**GIVEN MATERIAL:**
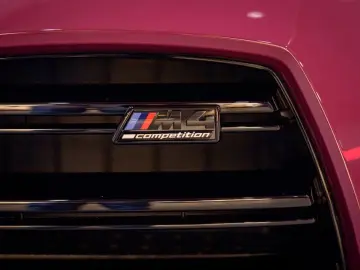 BMW M4 Competition xDrive Coupe MwSt Individual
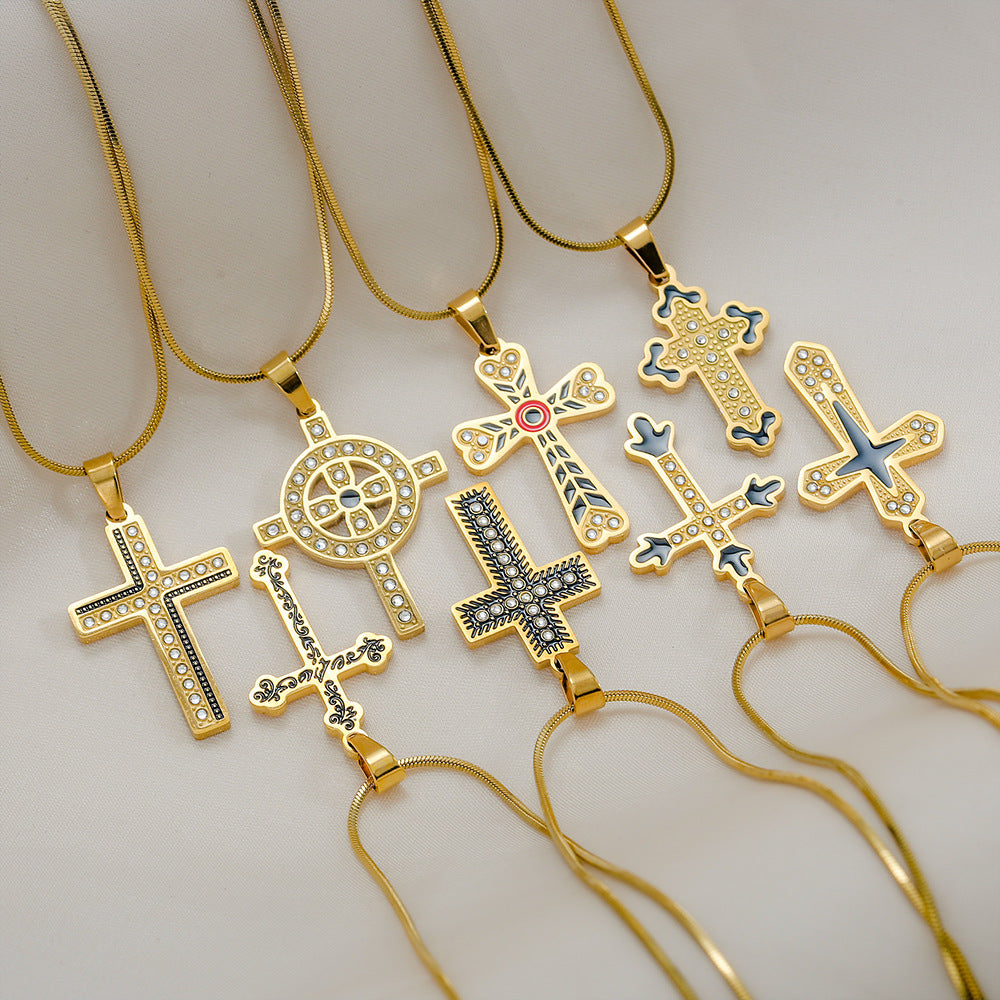 Collana con pendente a croce in stile vintage in acciaio inossidabile con intarsio di strass e placcatura in oro, unisex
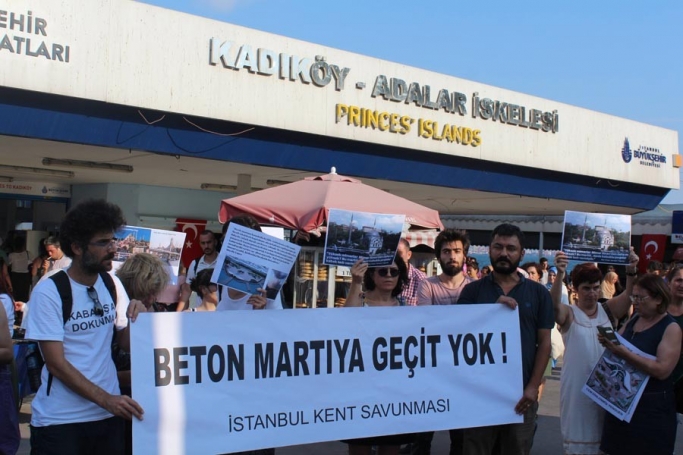 marti protesto iks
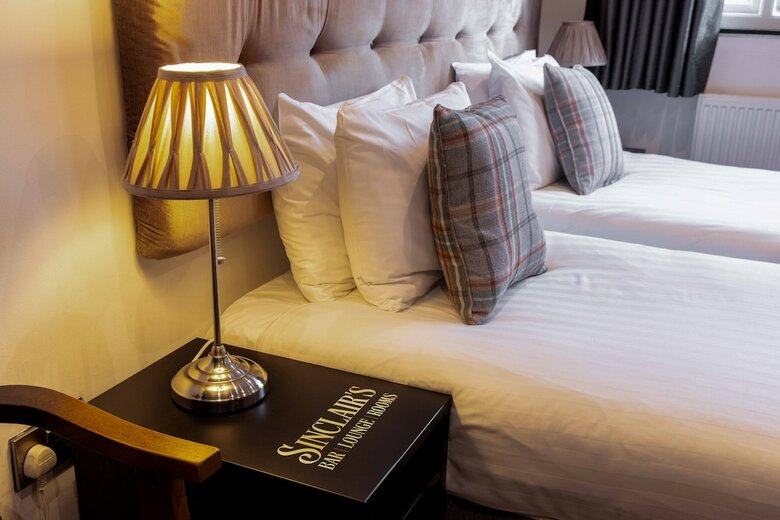 Hostal Peaky Blinders Accommodation & Bar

**INSTRUCTIONS FOR THE TASK:**
Could you set down the material above word for word while dropping its pictures?

**ANSWER TO THE PROBLEM:**
 BMW M4 Competition xDrive Coupe MwSt Individual
 Collana con pendente a croce in stile vintage in acciaio inossidabile con intarsio di strass e placcatura in oro, unisex
 marti protesto iks
 Hostal Peaky Blinders Accommodation & Bar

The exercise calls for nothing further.